ConstantlyQuestioning wrote:Quote:ConstantlyQuestioning wrote:
I don't see that we have much say other than insuring that the Muslin government will be friendly to the US.
How you gonna do that?
By politely reminding them of what happened to the last Iraqi government that wasn't friendly to the US.
So the rationalisation of American pre-emptive war has now deteriorated from "they had WMD that they could give to the terrorists who attacked us any moment now" to "thats just what happens if you're not friendly to the US"?
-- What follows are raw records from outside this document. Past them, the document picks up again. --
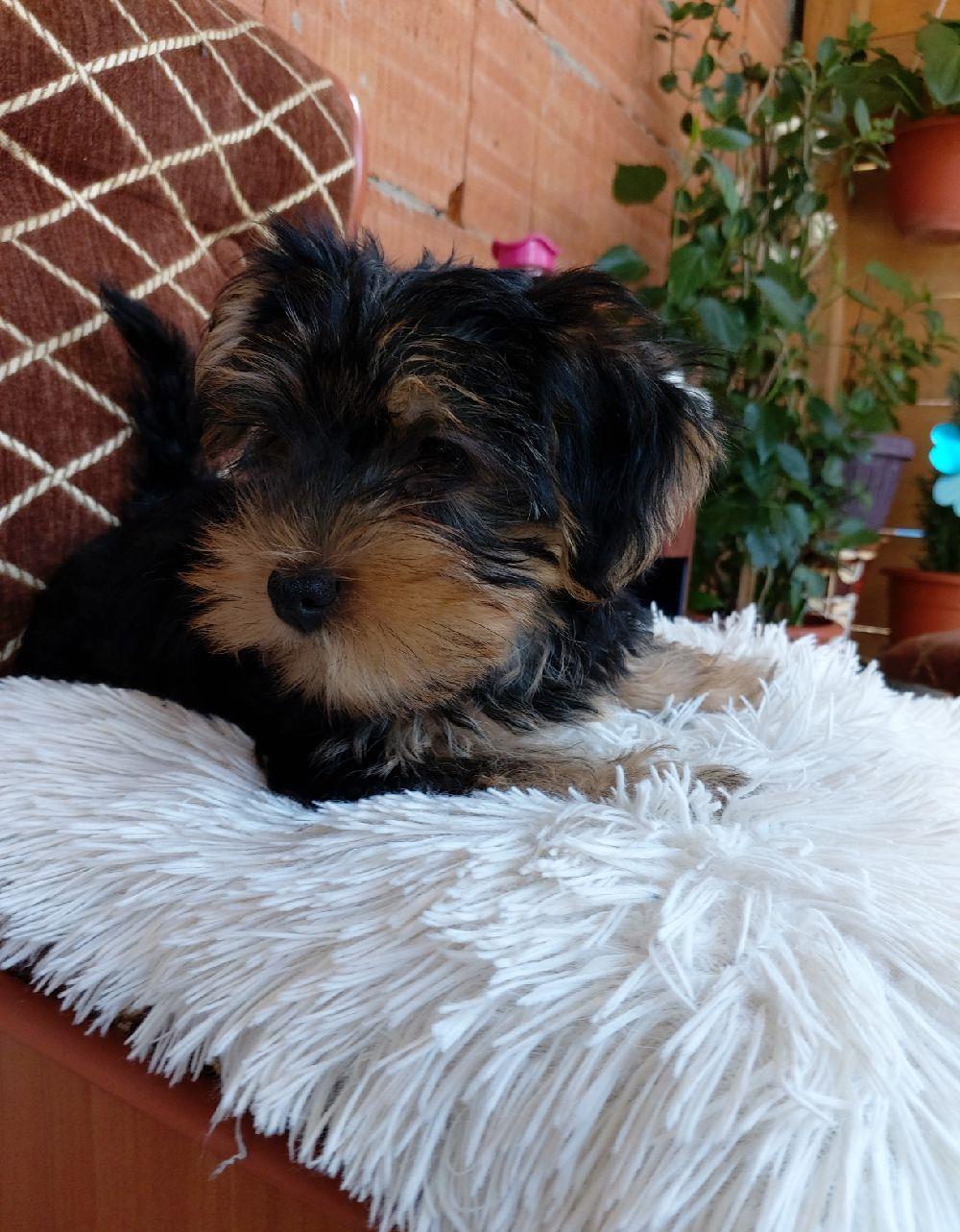 Catelusi yorkshire terrier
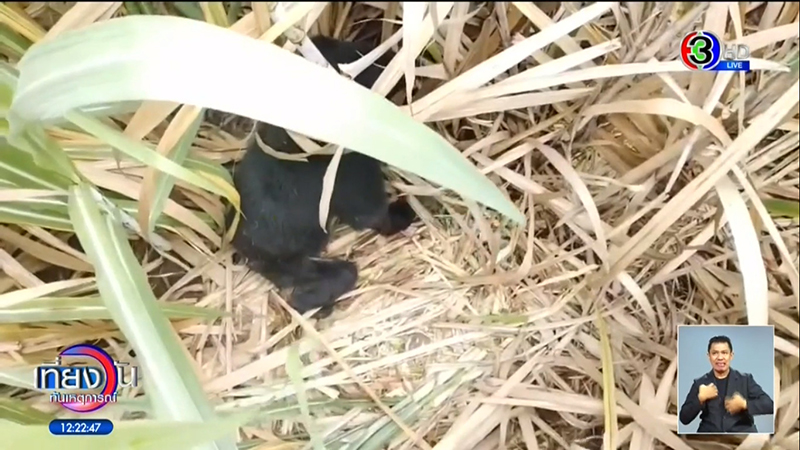 ล่าหมีควาย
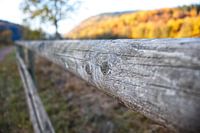 Old fence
Well, at least it's honest. And it does go back to a long tradition of US foreign (Cold War) policy ...
ConstantlyQuestioning wrote:Craven,
When trying to keep thugs in line, one sometimes has to act thuggish.
And I meant the word "friendly" in a international diplomatic sense, not in a sense you use with your personal friends. There's a difference.
Note the near-instinctive equation of all those who are "not friendly to the US" with "thugs".
Of course, to me, any government that invades countries just cause they wont do what it says is the "thug" in question.
But I guess CQ here is simply openly expressing the kind of instincts that
have, in fact, shaped recent US foreign policy ...
I truly believe many of those who shape or support Rumsfeldian policy
do, in fact, instinctively equate "those who are not friendly to the US" with "thugs" or "rogue states". As evidenced by the number of very thuggish states that are left alone or even stridently supported just because they
are friendly to the US.
And many who buy into this equation, which magically translates all moral claims into geostrategic realpolitik and vice versa, might not even be aware of doing so. Thus, "rogue states" are those who ridicule and flaunt the will and the rules of the international community - unless that international community happens to disagree with the US, in which case it is "irrelevant" and those who buck it are heroes.